Total system RAM in gigabytes

system.available_ram_gb

number

Available system RAM in gigabytes

system.cpu_cores

integer

Total CPU core count

system.cpu_name

string

CPU model name

system.has_gpu

boolean

Whether at least one GPU is detected

system.gpu_vram_gb

number | null

Total GPU VRAM across all detected GPUs (null if no GPU)

system.gpu_name

string | null

Primary GPU model name (null if no GPU)

system.gpu_count

integer

Number of detected GPUs

system.unified_memory

boolean

Whether the system uses unified memory (Apple Silicon)

system.backend

string

Acceleration backend: CUDA, Metal, ROCm, SYCL, CPU (x86), CPU (ARM), Ascend

system.gpus

array

Array of detected GPU objects with per-GPU details

Status codes:

200 OK - System info returned

Example:

curl http://localhost:8787/api/v1/system | jq '.system'

`GET /api/v1/models`

Filtered and sorted model fit list.
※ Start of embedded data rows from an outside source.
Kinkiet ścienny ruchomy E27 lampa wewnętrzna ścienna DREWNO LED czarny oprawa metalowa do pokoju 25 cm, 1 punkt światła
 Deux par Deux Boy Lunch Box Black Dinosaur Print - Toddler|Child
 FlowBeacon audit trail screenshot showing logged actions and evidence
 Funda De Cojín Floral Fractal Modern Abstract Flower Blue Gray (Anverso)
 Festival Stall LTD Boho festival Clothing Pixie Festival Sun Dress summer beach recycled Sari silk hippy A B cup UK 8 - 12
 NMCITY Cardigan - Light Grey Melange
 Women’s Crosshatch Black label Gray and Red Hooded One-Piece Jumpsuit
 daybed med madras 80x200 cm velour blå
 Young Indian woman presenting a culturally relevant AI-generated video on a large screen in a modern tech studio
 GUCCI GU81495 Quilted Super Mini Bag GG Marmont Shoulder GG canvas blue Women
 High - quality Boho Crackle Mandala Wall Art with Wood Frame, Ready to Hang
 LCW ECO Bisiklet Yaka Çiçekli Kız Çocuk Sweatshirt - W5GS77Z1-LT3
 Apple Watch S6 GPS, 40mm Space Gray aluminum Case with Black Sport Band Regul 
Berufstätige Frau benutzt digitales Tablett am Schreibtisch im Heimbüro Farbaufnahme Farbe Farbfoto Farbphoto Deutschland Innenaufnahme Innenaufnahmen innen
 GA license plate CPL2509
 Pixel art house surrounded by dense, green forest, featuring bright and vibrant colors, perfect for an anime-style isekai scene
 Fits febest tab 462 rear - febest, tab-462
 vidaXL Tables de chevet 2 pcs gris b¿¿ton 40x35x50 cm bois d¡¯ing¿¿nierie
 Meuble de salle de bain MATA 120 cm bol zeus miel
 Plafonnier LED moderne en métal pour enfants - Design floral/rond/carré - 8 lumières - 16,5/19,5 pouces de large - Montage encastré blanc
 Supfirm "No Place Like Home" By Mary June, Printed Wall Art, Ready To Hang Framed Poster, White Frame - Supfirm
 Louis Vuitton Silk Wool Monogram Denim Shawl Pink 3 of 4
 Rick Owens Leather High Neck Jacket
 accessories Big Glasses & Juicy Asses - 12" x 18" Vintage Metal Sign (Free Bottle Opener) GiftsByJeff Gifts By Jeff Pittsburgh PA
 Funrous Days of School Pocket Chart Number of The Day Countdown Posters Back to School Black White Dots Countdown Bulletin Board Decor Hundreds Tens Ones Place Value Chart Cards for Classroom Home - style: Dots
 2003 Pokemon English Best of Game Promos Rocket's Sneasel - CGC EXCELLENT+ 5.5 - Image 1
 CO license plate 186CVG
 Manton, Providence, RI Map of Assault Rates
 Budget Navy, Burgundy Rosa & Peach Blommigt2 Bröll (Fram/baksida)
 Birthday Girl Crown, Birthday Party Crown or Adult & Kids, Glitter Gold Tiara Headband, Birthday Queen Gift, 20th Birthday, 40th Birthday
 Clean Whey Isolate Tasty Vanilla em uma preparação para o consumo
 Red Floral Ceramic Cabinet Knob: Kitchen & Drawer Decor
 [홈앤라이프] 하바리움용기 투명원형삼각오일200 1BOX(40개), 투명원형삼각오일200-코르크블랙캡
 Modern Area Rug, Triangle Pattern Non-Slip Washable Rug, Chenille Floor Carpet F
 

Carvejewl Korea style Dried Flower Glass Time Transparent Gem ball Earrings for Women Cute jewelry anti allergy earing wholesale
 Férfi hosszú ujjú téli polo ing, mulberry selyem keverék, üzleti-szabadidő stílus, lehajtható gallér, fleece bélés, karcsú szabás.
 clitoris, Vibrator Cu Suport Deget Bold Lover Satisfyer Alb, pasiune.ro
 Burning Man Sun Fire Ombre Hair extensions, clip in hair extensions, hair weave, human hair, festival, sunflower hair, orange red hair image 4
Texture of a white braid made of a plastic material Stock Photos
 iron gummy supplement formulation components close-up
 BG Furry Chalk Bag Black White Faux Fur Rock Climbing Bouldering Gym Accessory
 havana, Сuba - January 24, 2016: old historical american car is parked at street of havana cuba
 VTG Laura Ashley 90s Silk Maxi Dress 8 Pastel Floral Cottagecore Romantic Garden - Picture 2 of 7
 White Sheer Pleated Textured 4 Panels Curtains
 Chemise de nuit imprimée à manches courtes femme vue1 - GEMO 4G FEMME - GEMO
Returns an array of models with fit analysis, scoring, and runtime info. Supports extensive query parameters for filtering. Query Parameters:

integer

Maximum number of models to return. Alias: n

boolean

When true, only return models with perfect fit level (overrides min_fit)

enum

Minimum fit level to include.Values: perfect, good, marginal, too_tightDefault: marginal (includes all but too_tight)

enum

Filter by inference runtime.Values: any, mlx, llamacppDefault: any

enum

Filter by use case category.Values: general, coding, reasoning, chat, multimodal, embedding

string

Provider substring filter (e.g., Meta, Qwen, Mistral)

string

Free-text filter across name, provider, parameter count, use case, and category. All space-separated terms must match (AND logic).

enum

Sort column.Values: score, tps, params, mem, ctx, date, use_caseDefault: score

boolean

Include unrunnable models (fit_level = too_tight).Default: true for /models, false for /models/top

integer

Per-request context cap for memory estimation. Overrides server startup --max-context flag.

Response:

{
  "node": {
    "name": "worker-1",
    "os": "linux"
  },
  "system": { "...": "..." },
  "total_models": 206,
  "returned_models": 20,
  "filters": {
    "limit": 20,
    "min_fit": "marginal",
    "runtime": "any",
    "use_case": null,
    "provider": null,
    "search": null,
    "sort": "score",
    "include_too_tight": true,
    "max_context": null
  },
  "models": [
    {
      "name": "Qwen/Qwen2.5-Coder-7B-Instruct",
      "provider": "Qwen",
      "parameter_count": "7B",
      "params_b": 7.0,
      "context_length": 32768,
      "use_case": "Coding",
      "category": "Coding",
      "release_date": "2025-03-14",
      "is_moe": false,
      "fit_level": "good",
      "fit_label": "Good",
      "run_mode": "gpu",
      "run_mode_label": "GPU",
      "score": 86.5,
      "score_components": {
        "quality": 87.0,
        "speed": 81.2,
        "fit": 90.1,
        "context": 88.0
      },
      "estimated_tps": 42.5,
      "runtime": "llamacpp",
      "runtime_label": "llama.cpp",
      "best_quant": "Q5_K_M",
      "memory_required_gb": 5.8,
      "memory_available_gb": 24.0,
      "utilization_pct": 24.2,
      "notes": [],
      "gguf_sources": [
        {
          "provider": "unsloth",
          "repo": "unsloth/Qwen2.5-Coder-7B-Instruct-GGUF"
        }
      ]
    }
  ]
}

Model Fields:

name

string

Full HuggingFace model name

provider

string

Model provider (Meta, Qwen, Mistral, etc.)

parameter_count

string

Human-readable parameter count (e.g., “7B”, “70B”)

params_b

number

Numeric parameter count in billions

context_length

integer

Maximum context window in tokens

use_case

string

Model-declared use case string

`GET /api/v1/models/top`

Key scheduling endpoint. Returns top runnable models for this node, with conservative defaults suitable for production placement decisions. Query Parameters: Same as /api/v1/models, with different defaults:

limit: Defaults to 5 (vs. no limit on /models)
include_too_tight: Defaults to false (vs. true on /models)

All other parameters work identically. Response: Same schema as /api/v1/models, but returns only top N runnable models by default. Status codes:

200 OK - Top models returned
400 Bad Request - Invalid filter values
500 Internal Server Error - Server error

Examples:

# Top 5 runnable models (default)
curl "http://localhost:8787/api/v1/models/top"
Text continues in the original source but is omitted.